The Nash strategy for cops and robbers
I found this result surprising the first time I saw it. We've shown that increasing the reward for winning with scissors, instead of encouraging you to pick scissors more often, should actually encourage you to choose rock more often. Intuitively speaking, this is to prevent your opponent from benefitting too much from the super-scissors.The same kind of calculations lead to some remarkable conclusions in modelling real world situations. Consider a simplified game theory model for crime, in which a thief wants to go out robbing if the police won't be patrolling that night, but doesn't want to go thieving if the police will be out and about; meanwhile, the police want to patrol if there'll be a thief out to catch but not otherwise. [Of course, like in Rock-Paper-Scissors, both the police and the thief must choose between their options without knowing what the other will do.] The same kind of calculations as for Rock-Paper-(Scissors/SuperScissors) above show that increasing the punishment for crime (which is like decreasing the reward for making the choice to commit a crime, if you get caught and hence "lose" the game) does not decrease rates of crime, but rather decreases the effort police go to to catch criminals: see the results here (in particular theorems 2 and 3). Similarly, increasing the rewards for catching a thief will decrease the crime rate, despite not increasing the proportion of the time that police spend patrolling.

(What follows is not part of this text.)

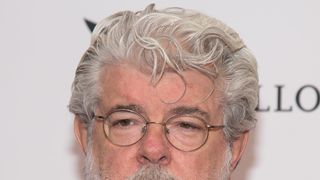 ジョージ・ルーカス、アカデミー賞を「政治的」と批判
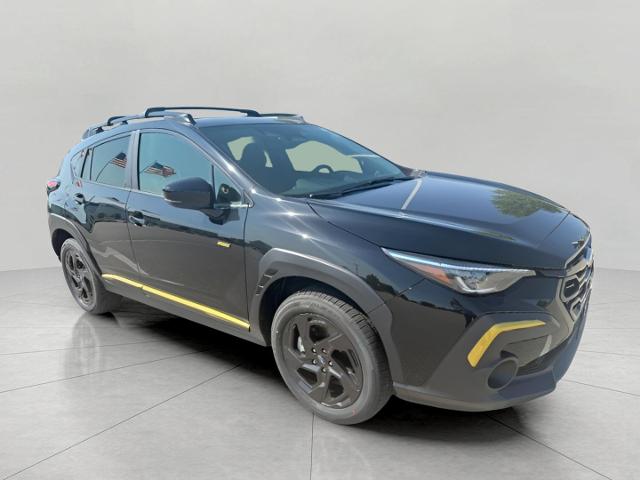 2025 Subaru Crosstrek Vehicle Photo in Oshkosh, WI 54904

This sounds insane! To get some intuition for why it can be true, think of changing rewards slowly and people reacting in stages. At first, increasing the reward for catching criminals encourages more patrolling, which makes it more likely that a robber gets caught. But if the police go out too often the robbers, who were willing to accept the old risk of being caught, will no longer go robbing because of the increased risk. At the old Nash equilibrium the risk and rewards were perfectly balanced, and since the jail setences and value of goods to steal haven't changed, the only way them to get balanced again is for the old rate of patrols to come back. So the higher rate of patrolling will die away, because otherwise there will never be robbers out for the police to catch, so they would never get to cash in on the bigger bonuses anyway. The extra pay isn't encouraging to the police to work harder, but it is at least encouraging them to work just as hard despite getting to catch crooks less often.
As a final point, let me emphasise that this is only a mathematical abstraction, and that what works in the model may not work as well in the real world. Regardless of whether it works in practice or not, pay based on numbers of arrests can lead to resentment among policed communities, who feel exploited and unfairly treated based on financial incentives, as the numerous articles complaining about "Collars for Dollars" show, even if these criticisms might not always be fair. The broader claim of the mathematical model – that increasing the probability of capture (for example by hiring more police) is much more effective at reducing crime than increasing the harshness of punishments – has been supported by evidence in practice, not just the theory.